About this cultivar:
Aubrieta 'Blaumeise' is the least scraggly Aubrieta we know about. It is quite compact and slow growing. Masses of purple-blue-ish flowers. I believe 'Blaumeise' means 'Blue tit' in German - I guess they did't know any purple coloured birds. We grow one over a wall.
- Position: Full sun, Partial shade
- Soil: Almost any soil - grows well in Ballyrobert!
- Flowers: March, April, May
- Other features: Great Ground Cover, Bees and Butterflies
- Hardiness: Fully hardy - grows well in Ballyrobert!
- Habit: Mat forming, Trailing
- Foliage: Evergreen
- Height: 0 - 15 cm (0 - 0.5 ft)
- Spread: 15 - 45 cm (0.5 - 1.5 ft)
- Time to full growth: 2 to 5 years
- Plant type: Herbaceous Perennial
- Colour: Purple, blue, green
- Goes well with: Dianthus alpinus, smaller Geranium, smaller Helianthemum and perhaps smaller potentilla. Other different ideas include Vinca minor (my favourite for a blue and white combo) or crocus or Helleborus.
About this genus:
Aubrieta are often seen during spring as purple, blue, or pink flowers cascading down a wall or clinging to a sunny slope. It is a pity it is only seen as a full-sun rockery type plant because few flowers perform as well for so long in the garden and few are so good at attracting bees.
Science has recently reduced the number of species from around 20 down to 12. The four-petalled flowers give away their family allegiance; they are crucifers or members of the brassica family. Aubrieta take their name from Claude Aubriet (1688-1743), a French botanical artist. There are six native European species that are often found on limestone, open scree, crevices and coniferous woodland.

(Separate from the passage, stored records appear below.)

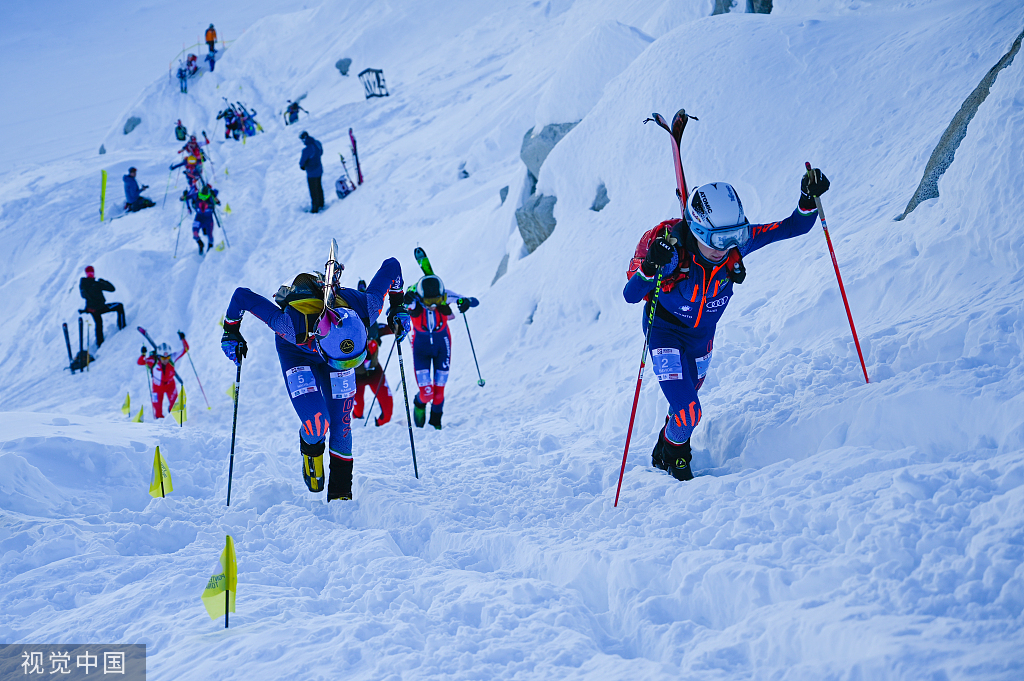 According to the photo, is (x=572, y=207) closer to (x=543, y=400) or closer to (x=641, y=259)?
(x=543, y=400)

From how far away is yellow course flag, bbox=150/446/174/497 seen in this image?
4.75 meters

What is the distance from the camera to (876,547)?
2881 millimetres

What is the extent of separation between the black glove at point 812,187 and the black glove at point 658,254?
1.07 m

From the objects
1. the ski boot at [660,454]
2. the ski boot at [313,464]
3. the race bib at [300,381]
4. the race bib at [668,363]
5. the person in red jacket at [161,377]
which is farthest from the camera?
the person in red jacket at [161,377]

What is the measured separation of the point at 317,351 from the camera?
491cm

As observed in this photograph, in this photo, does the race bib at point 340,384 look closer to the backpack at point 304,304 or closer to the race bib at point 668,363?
the backpack at point 304,304

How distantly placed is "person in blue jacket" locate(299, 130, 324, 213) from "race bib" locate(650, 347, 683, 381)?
15717 mm

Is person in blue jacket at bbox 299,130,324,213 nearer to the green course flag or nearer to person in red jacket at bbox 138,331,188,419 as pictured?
person in red jacket at bbox 138,331,188,419

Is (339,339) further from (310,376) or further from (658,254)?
(658,254)

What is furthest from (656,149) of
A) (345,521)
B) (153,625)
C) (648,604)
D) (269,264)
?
(269,264)

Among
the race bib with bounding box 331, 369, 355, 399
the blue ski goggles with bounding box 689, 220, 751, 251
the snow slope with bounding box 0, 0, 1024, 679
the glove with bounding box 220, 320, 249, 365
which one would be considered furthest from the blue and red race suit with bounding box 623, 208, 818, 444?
the glove with bounding box 220, 320, 249, 365

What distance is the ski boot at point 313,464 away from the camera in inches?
196

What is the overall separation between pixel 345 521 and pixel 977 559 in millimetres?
3707

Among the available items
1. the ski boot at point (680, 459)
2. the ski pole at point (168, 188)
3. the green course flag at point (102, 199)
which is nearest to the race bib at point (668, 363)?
the ski boot at point (680, 459) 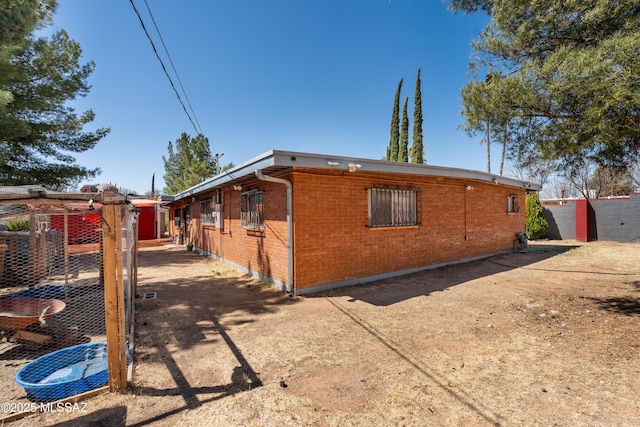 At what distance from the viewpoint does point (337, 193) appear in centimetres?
700

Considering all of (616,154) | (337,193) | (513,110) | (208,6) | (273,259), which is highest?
(208,6)

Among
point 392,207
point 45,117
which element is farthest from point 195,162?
point 392,207

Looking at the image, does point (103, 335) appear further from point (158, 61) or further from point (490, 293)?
point (490, 293)

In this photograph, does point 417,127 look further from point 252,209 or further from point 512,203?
point 252,209

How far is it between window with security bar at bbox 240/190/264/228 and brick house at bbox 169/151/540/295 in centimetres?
3

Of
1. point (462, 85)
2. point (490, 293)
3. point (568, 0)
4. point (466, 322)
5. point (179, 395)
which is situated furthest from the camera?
point (490, 293)

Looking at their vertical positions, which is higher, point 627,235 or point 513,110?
point 513,110

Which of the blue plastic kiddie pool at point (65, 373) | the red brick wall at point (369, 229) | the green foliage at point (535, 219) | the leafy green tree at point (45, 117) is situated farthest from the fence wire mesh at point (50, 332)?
the green foliage at point (535, 219)

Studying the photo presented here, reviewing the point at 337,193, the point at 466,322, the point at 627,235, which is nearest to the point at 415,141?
the point at 627,235

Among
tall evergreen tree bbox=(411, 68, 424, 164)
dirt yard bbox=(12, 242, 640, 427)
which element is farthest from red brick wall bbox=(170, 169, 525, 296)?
tall evergreen tree bbox=(411, 68, 424, 164)

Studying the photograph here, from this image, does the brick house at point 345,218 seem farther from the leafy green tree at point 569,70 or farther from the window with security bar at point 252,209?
the leafy green tree at point 569,70

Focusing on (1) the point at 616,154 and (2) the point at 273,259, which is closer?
(1) the point at 616,154

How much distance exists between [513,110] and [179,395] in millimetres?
6102

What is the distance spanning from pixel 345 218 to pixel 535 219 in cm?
1537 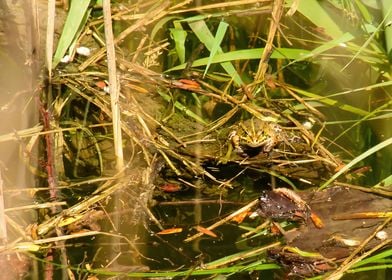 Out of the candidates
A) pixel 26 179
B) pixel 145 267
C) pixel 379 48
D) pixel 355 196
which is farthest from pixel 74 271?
pixel 379 48

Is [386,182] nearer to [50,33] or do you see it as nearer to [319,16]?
[319,16]

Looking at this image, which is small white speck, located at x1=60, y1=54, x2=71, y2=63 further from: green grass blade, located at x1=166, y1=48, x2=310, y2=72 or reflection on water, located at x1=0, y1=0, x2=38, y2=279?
green grass blade, located at x1=166, y1=48, x2=310, y2=72

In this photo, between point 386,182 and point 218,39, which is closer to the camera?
point 386,182

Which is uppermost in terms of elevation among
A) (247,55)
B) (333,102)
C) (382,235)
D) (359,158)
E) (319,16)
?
(319,16)

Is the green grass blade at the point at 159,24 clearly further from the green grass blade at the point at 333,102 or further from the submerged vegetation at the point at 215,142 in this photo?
the green grass blade at the point at 333,102

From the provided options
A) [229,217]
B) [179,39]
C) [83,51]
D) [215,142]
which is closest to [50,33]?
[83,51]

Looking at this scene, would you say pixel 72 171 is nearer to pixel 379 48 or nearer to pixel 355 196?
pixel 355 196

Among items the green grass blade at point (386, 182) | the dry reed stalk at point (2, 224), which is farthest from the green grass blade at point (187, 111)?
the dry reed stalk at point (2, 224) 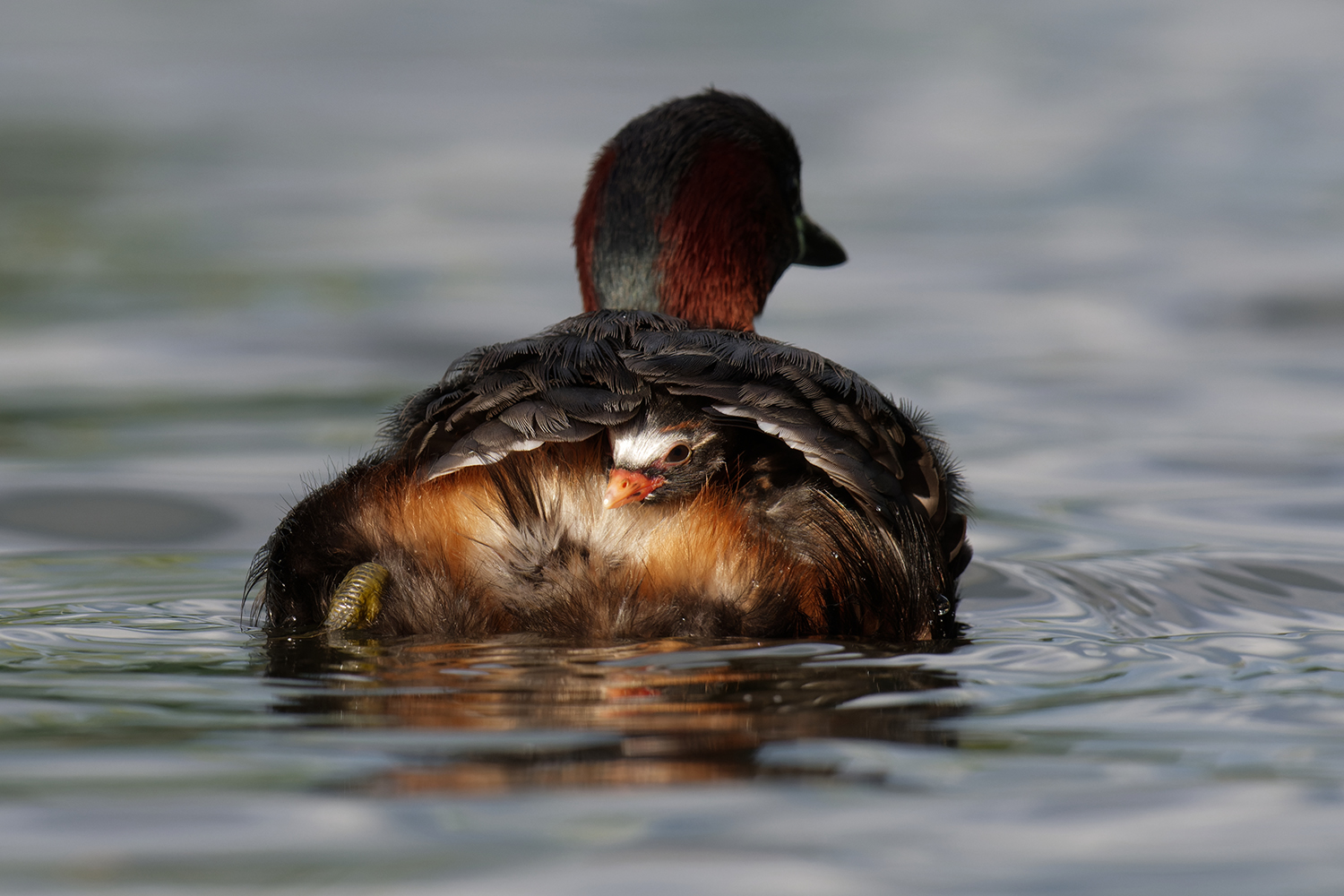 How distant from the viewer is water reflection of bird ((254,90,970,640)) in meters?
4.49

Most garden cultivars are thought to be some kind of Aubrieta deltoidea seedling, which is a species found in the Balkan Peninsula, the Aegean and south-west Europe. It varies naturally and includes lilac and red-flowered forms, with doubles also recorded in the wild. Many other garden cultivars are thought to be Aubrieta cultorum hybrids. Though, like many genus, named cultivars from multiple crosses are not attributed to a species at all.
You may read that Aubreita don't like rich soils and prefer full sun. We've found that as long as they are not in a pond or in full shade they will do fine in almost anywhere. They can get scraggly so make sure you cut them back hard before the go dormant if you don't want this to happen (in a crevice or a wall you probably want scraggly plants for a cascading effect).
Good for the front of a border, or a bank, or cascading over a wall. The standard advice is to pair Aubrieta with a plant that will flower after it has stopped. For this you could try Dianthus alpinus, smaller Geranium, smaller Helianthemum and perhaps smaller potentilla. Other different ideas include Vinca minor (my favourite for a blue and white combo) or crocus or Helleborus.